Kegiatan anak-anak punk di Rumah Hijrah Punksteur, Cimahi (15/4/2017) (ANTARA News/Ajat Sudrajat)
Mendirikan Perpustakaan Ojeg
Selain menjadi sosok di balik berdiri "Rumah Hijrah Punksteur",
Nuriska yang berulang tahun setiap tanggal 13 Agustus ini juga telah
mendirikan Pangkalan Ojek Pintar di Jalan Cikutra, Kota Bandung.
"Pepustakaan di pangkalan ojeg ini adalah yang pertama kami buat di Kota Bandung," kata dia.
Sepintas tak berbeda dengan pangkalan di tempat lain yakni beberapa motor parkir berjejer.

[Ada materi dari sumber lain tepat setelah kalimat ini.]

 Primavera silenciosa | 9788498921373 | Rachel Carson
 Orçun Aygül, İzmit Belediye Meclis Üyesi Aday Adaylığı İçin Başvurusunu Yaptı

Namun ada sebuah rak buku berukuran 1 x 1,5 meter yang berisi puluhan jenis buku di dalamnya.
Nuriska menuturkan, awal mula tercetus ide mendirikan "Pangkalan
Ojek Pinter" ialah karena dirinya dan 10 orang lainnya di Komunitas
Kebukit ingin memberikan sesuatu yang bermanfaat kepada tukang ojeg
ketika menunggu penumpang.
"Selama ini, saya melihat, waktu luang ketika para tukang ojek yang
nunggu penumpang di pangkalannya, biasanya diisi dengan kegiatan
merokok, catur atau tidur," kata dia.
Dengan adanya buku di pangkalan ojek tersebut, kata Nuriska,
diharapkan tukang ojek bisa mengisi waktu senggangnya dengan kegiatan
yang lebih bermanfaat.
"Minimal, dengan mereka membaca buku. Ada pengetahuan baru buat
mereka dari buku yang dibaca saat menunggu penumpangnya di pangkalan
ojeg," ujar relawan yang pernah ikut dalam Ekspedisi Bakti Kesra
Nusantara tahun 2013.
Buku-buku yang dihimpun oleh Komunitas Kebukit, kata Nuriska, merupakan buku sumbangan dari masyarakat.

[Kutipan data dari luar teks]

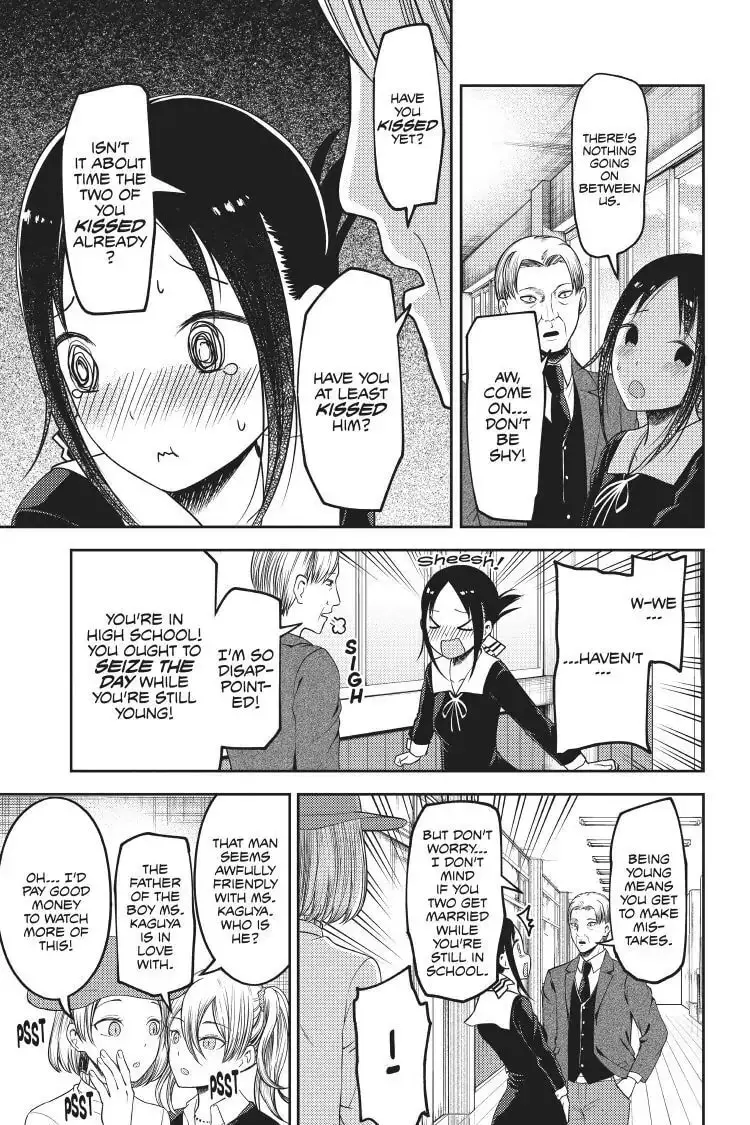Kaguya-sama: Love is War (Colored) - Chapter 111 - Page 12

Menurut dia, saat Komunitas Kebukit sempat disangka "sayap kanan"
parpol politik ketika hendak menawarkan idenya untuk membentuk
"Pangkalan Ojeg Pintar".
"Ternyata tukang ojek di sana menyangka kalau kita itu, dari partai
politik. Tapi kita bantah, kita jelasin ke mereka kalau kita komunitas
bukan parpol. Dan alhamdulilah mereka mengerti dan paham," kata dia.